_TASK GOAL_
Every line from the one holding "Kiton Blue Floral" through the one holding "添加用于新闻 URL 的用户输入" in the data below must be returned exactly, both ends included, with pictures left out and nothing else added.

[Items from a data source]
·····

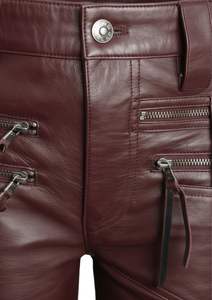 Custom <b>Men</b> Brown Genuine Leather <b>Shorts</b> with Utility Zip Pockets <b>Slim</b> <b>Fit</b> Design - Product Image 2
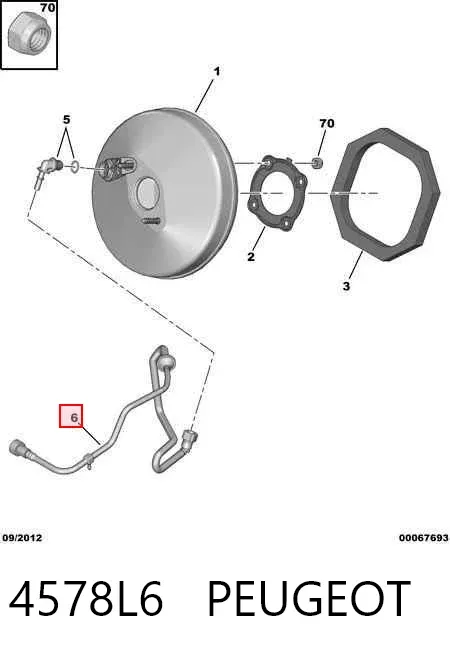 Tubo de vacío del servofreno 4578L6 Peugeot/Citroen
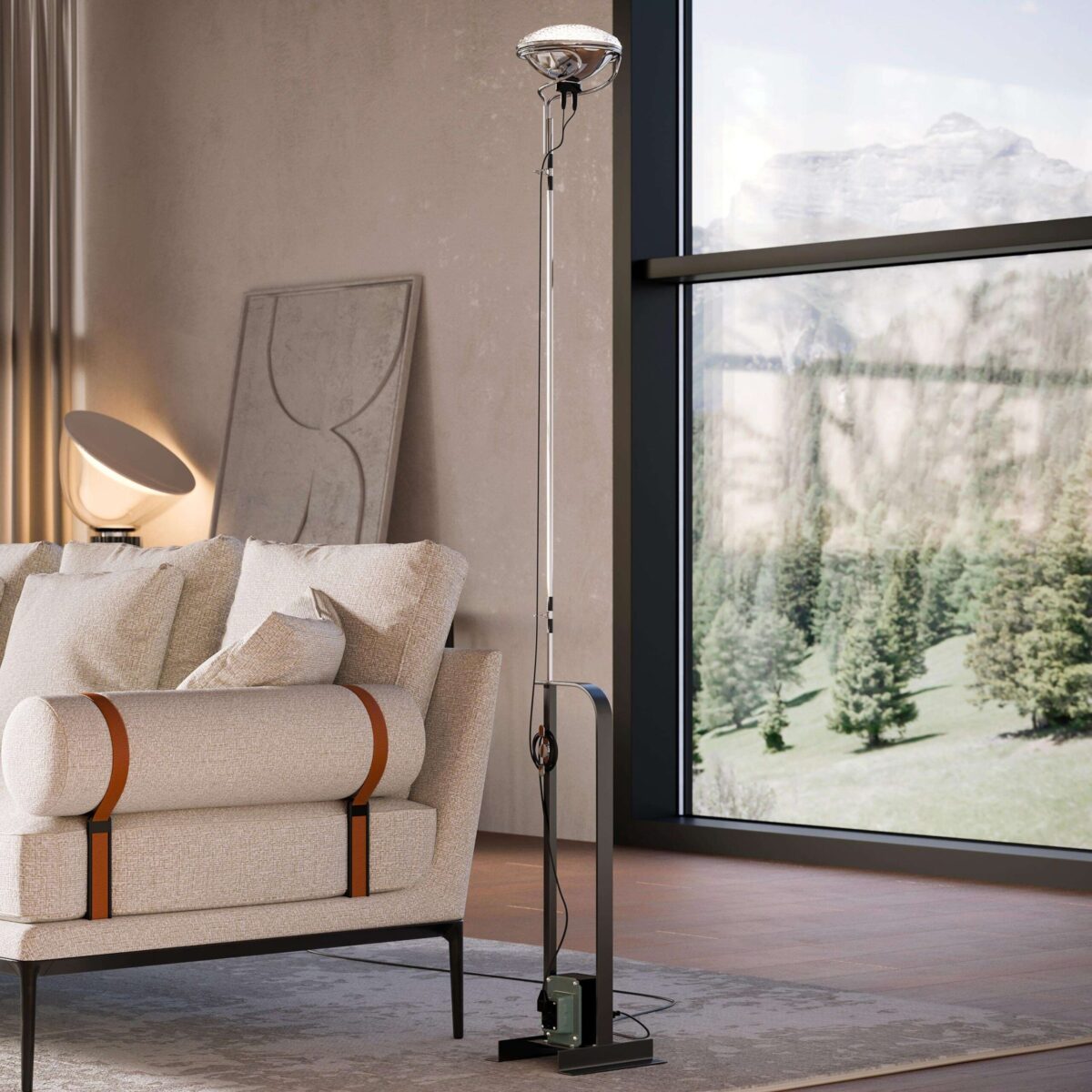Whimsical Toio LED by Castiglioni brothers, featuring fishing‑rod cord rings, cleat cord winder, and red painted steel base.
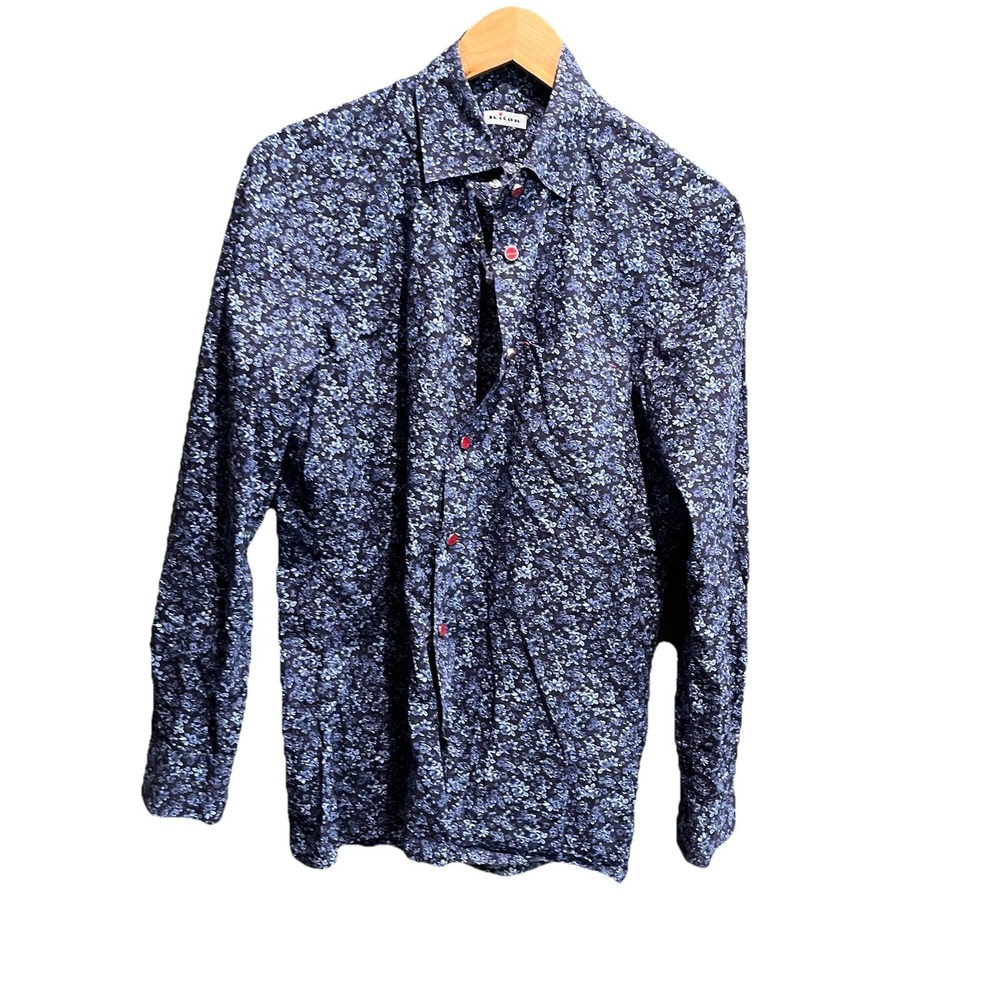 Kiton Blue Floral Cotton Long Sleeve Men's Snap Button Down Shirt Size 15 | 38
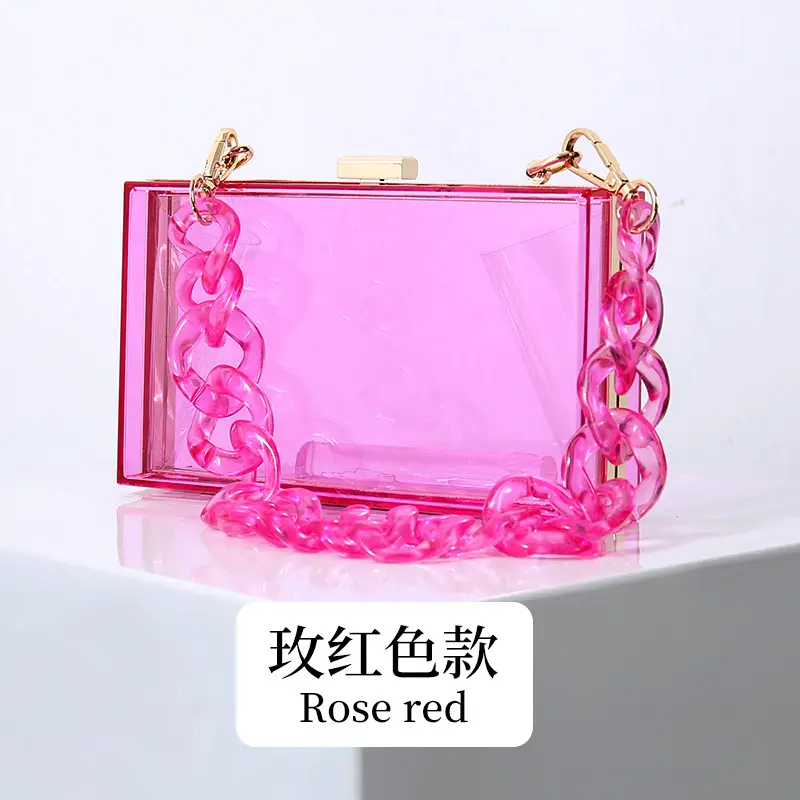 Yellow Acrylic Chain Crossbody Bag for Women - Image 5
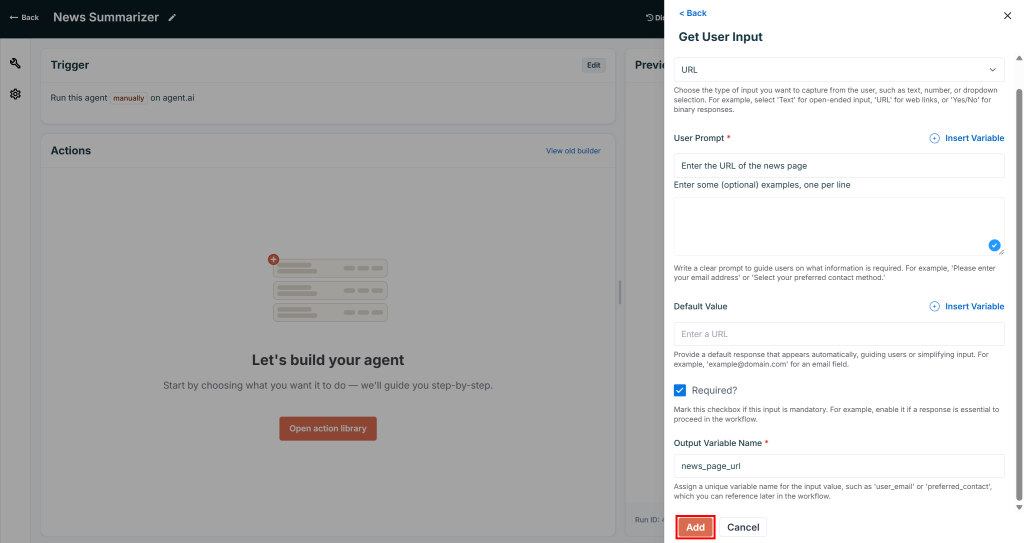 添加用于新闻 URL 的用户输入
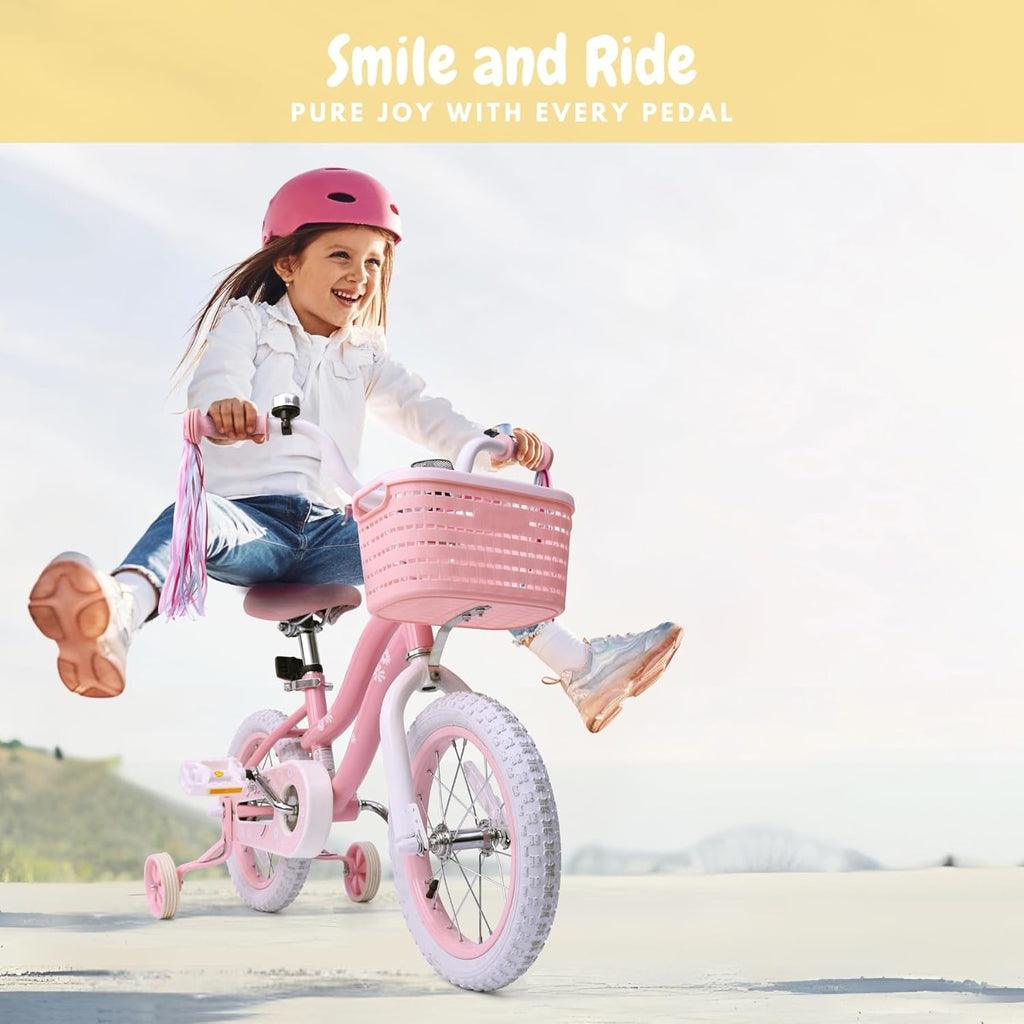 bicystar Girls Bike for Kids Ages 2-5 Years, 12 14 16 18 Inch Kids Bike with Training Wheels, Basket & Streamers, Pink Little Girls Bicycle with Coaster Brake, Birthday Gift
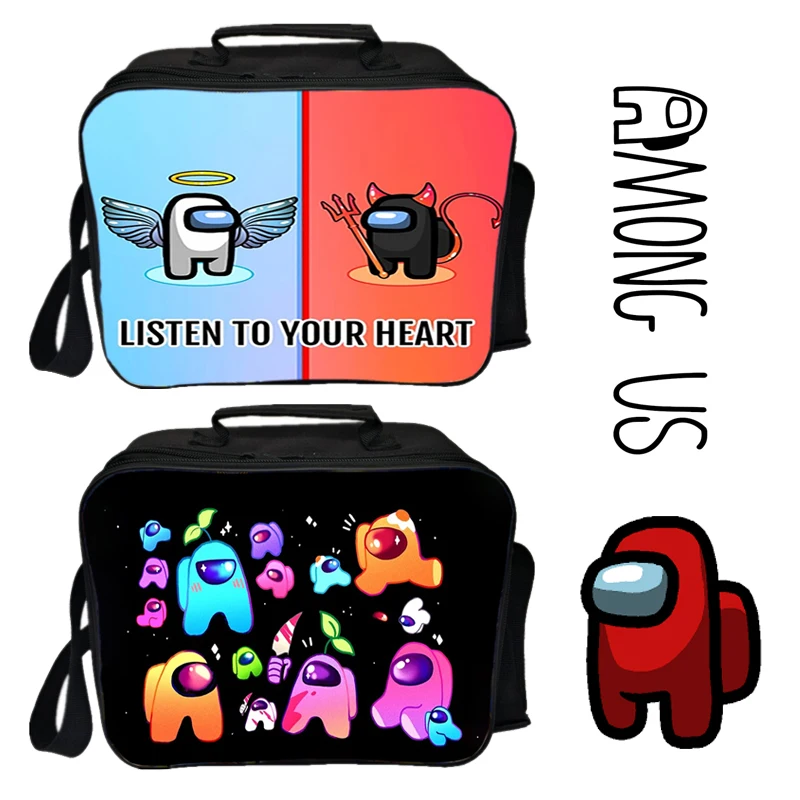 

New Game Among Us Pattern Student Lunch Bag Girls Portable Insulated Office Lunch Box Picnic Bags Thermal Food Tote Handbag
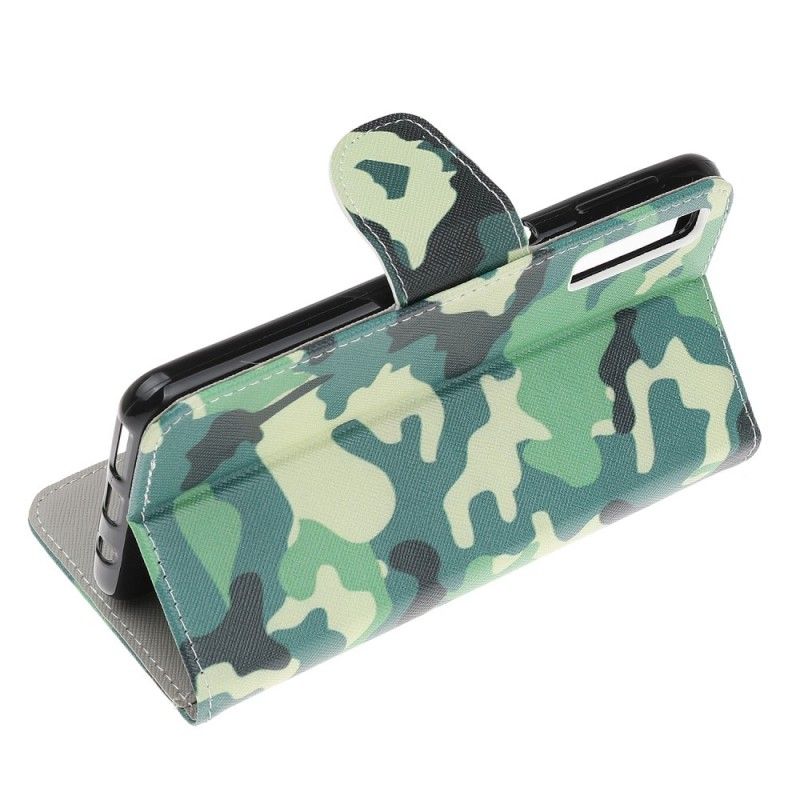 Leren Hoesje Samsung Galaxy A70 Militaire Camouflage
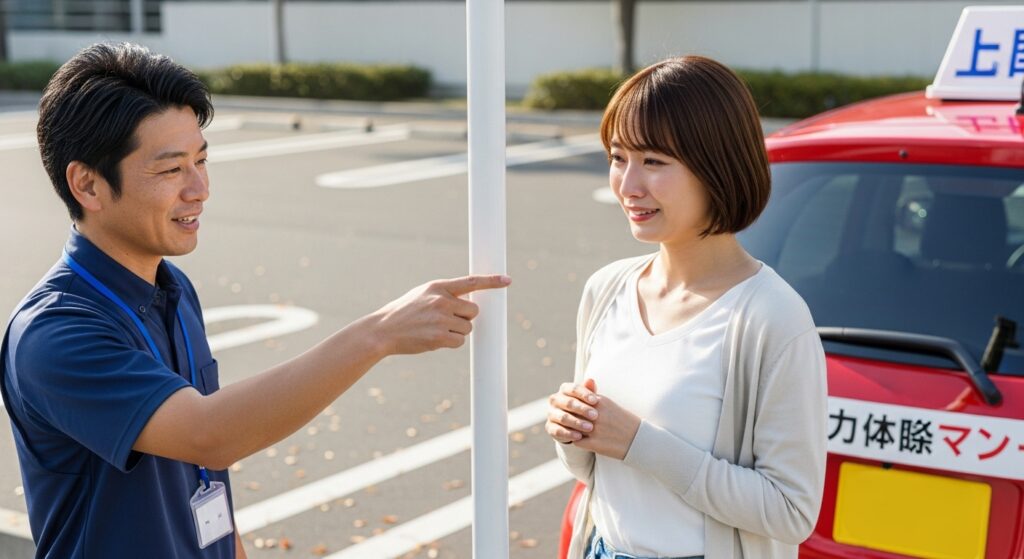 駐車場で男性インストラクターが女性受講者に指導をしている様子。教習車が後ろに停まっている。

·····

_TASK RESPONSE_
 Kiton Blue Floral Cotton Long Sleeve Men's Snap Button Down Shirt Size 15 | 38
 Yellow Acrylic Chain Crossbody Bag for Women - Image 5
 添加用于新闻 URL 的用户输入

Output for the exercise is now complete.